ClearSign Technologies Reports Q3 2025 Earnings: EPS Meets Estimates, Revenue Misses Forecasts

CLIR
November 20, 2025

ClearSign Technologies Corporation released its third‑quarter 2025 financial results on November 19, 2025. The company reported an earnings per share of $‑0.03, narrowly beating the consensus estimate of $‑0.04, while revenue fell to $1.03 million—about 28 % lower than the $1.43 million forecasted by analysts. The quarter’s results were presented during a live earnings call that same day, providing investors with the first full view of the company’s performance for the period.

The EPS beat was driven by a 6.1‑percentage‑point increase in gross margin, which rose to 38.2 % from 32.1 % in the same quarter a year earlier. Management attributed the margin expansion to disciplined operating expenses and a favorable product mix that shifted toward higher‑margin M‑series burners and spare‑parts sales. These cost controls and pricing power allowed the company to offset the decline in overall revenue and keep earnings in line with expectations.

Revenue missed estimates because the quarter’s top line was largely influenced by the large order that ClearSign closed in Q3 2024, which inflated year‑over‑year growth. The current quarter’s revenue was lower due to a lumpy order cycle and a smaller backlog of new burner contracts. The company’s revenue decline reflects the natural volatility of its business model, where large orders can create sharp swings in quarterly results.

Gross margin expansion was a key positive takeaway. The 6.1‑percentage‑point jump YoY and a 5.3‑percentage‑point increase year‑to‑date demonstrate improved operational efficiency and pricing power. The company’s long‑term margin target of 40‑45 % is now more attainable as it continues to scale its high‑margin product lines.

Management guided for continued growth, noting that a significant 26‑burner order is expected to generate over $2 million in revenue in the next quarter. The company also highlighted the launch of new M‑series burners and an expanding spare‑parts business as drivers of future revenue. These developments signal confidence in the company’s product pipeline and its ability to capture additional market share in the decarbonization and cleaner‑fuel space.
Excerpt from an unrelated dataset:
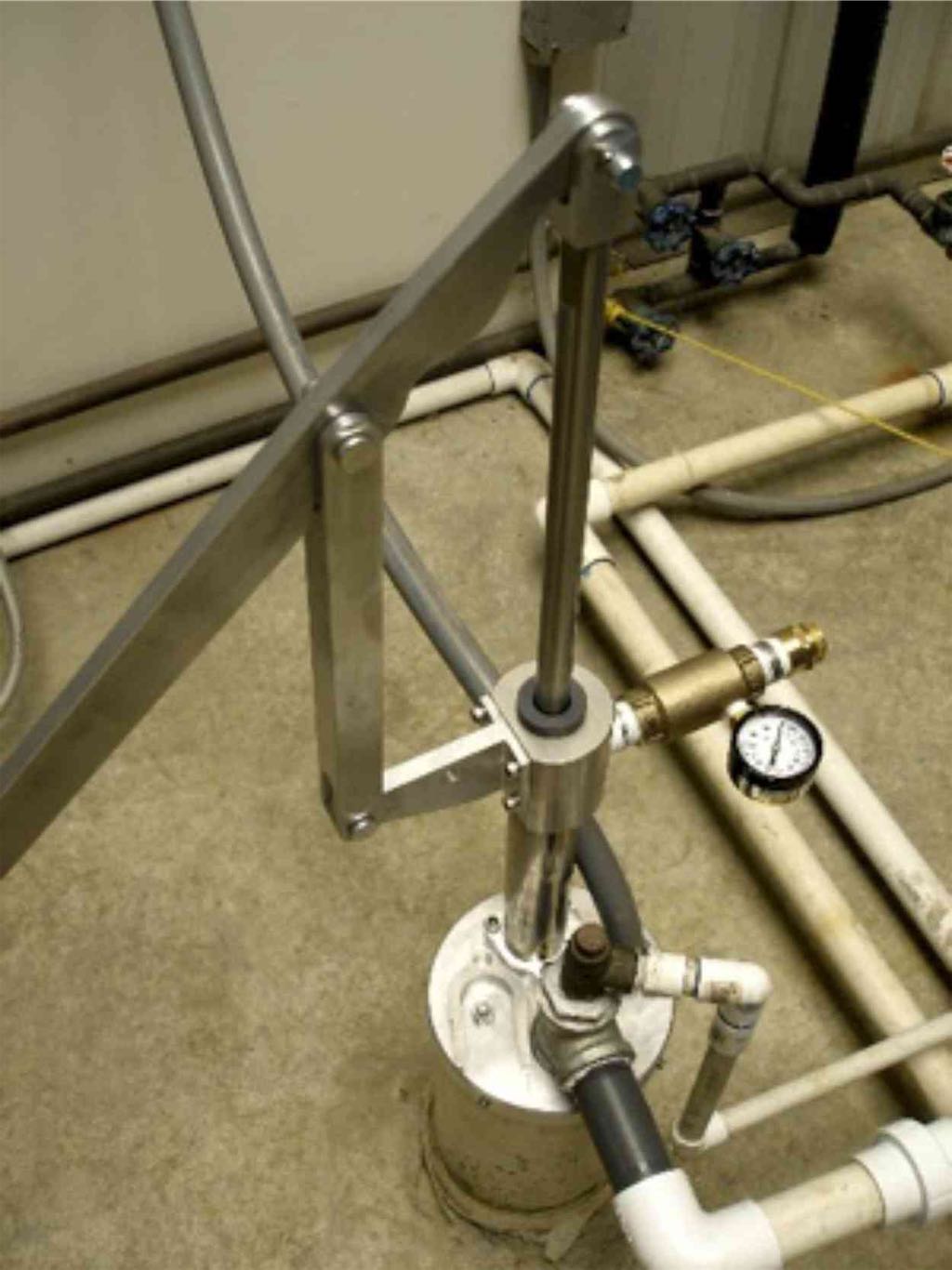 Customer Installation - Shallow Well Suction Pump Installation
CEO Jim Deller emphasized the importance of the new burner technology and the growing contribution of the spare‑parts business. He noted that the company is seeing an uptick in order flow and that the market is increasingly accepting its technologies, which should support the company’s long‑term growth trajectory.

Investors reacted positively to the earnings release, with many citing the margin expansion and the EPS meeting as key factors. The market’s favorable response underscores confidence in ClearSign’s operational improvements and its outlook for future orders.